On Wednesday, the Trumpy Supreme Court gutted the Voting Rights Act and handed Republicans a big, fat gift, even as the right-wing justices pretended otherwise. This could bring the U.S. back to the Jim Crow era.

“Republicans could ultimately eliminate a dozen Democratic congressional seats in the South as a result, leaving no Democratic representatives or majority-minority districts in states including Tennessee, Alabama, Mississippi, South Carolina, and Louisiana—the very places where voting discrimination has historically been most prevalent,” National Voting Rights Correspondent Ari Berman wrote for Mother Jones.

You don’t need a law degree to know that the Trump loyalists on the Supreme Court have put our democracy in serious peril. As much or more than Felon 47, himself.

In June, 2025, Rep. Sean Casten (D-IL) introduced a legislative package designed to reform and shore up our democracy.

In addition to other important reforms to our political system, Casten's legislation cuts the ability of the current Supreme Court to act as political enablers for Trump or for a particular ideology.

As he explained in an editorial for The Hill, “One of the quickest ways to reduce the political influence of the existing court would be to take away their ability to decide which of the cases on which lower courts have already ruled could be considered for reversal.” Casten's plan would limit the Supreme Court to its “original jurisdiction,” i.e., matters relating to ambassadors and disputes where one of the states is a party.

The plan is to create a 13-judge multi-circuit panel to hear cases in which the U.S. or federal agency "is a party, cases concerning constitutional or statutory interpretation of federal law or cases clarifying the functions or actions of an executive order.” The judges would be randomly selected from each circuit and each would serve for only one year.

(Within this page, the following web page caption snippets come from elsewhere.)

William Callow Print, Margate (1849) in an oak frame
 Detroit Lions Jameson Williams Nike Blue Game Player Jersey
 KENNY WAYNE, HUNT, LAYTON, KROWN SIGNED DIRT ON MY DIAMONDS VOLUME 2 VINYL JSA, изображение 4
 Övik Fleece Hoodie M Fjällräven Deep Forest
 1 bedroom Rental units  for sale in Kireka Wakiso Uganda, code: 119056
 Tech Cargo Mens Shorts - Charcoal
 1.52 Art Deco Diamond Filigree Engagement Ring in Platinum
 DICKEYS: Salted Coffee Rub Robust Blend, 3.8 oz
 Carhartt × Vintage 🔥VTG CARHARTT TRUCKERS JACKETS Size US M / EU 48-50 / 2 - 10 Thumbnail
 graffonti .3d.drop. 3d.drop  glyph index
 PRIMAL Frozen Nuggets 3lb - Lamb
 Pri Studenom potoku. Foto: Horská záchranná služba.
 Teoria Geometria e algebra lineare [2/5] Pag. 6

Perhaps the fastest and easiest reform was one Casten also outlined for The Hill: Congress using its “power of the purse” to make “a significant portion” of its funding “contingent on meaningful ethics reforms.” If Democrats take back the House of Representatives, as is expected, that could and should be at the top of their To-Do List.

Casten's suggestions sound great to me. But whether adopted in whole, in part or whether some other plan is put to work, Dems need to address SCOTUS reform ASAP.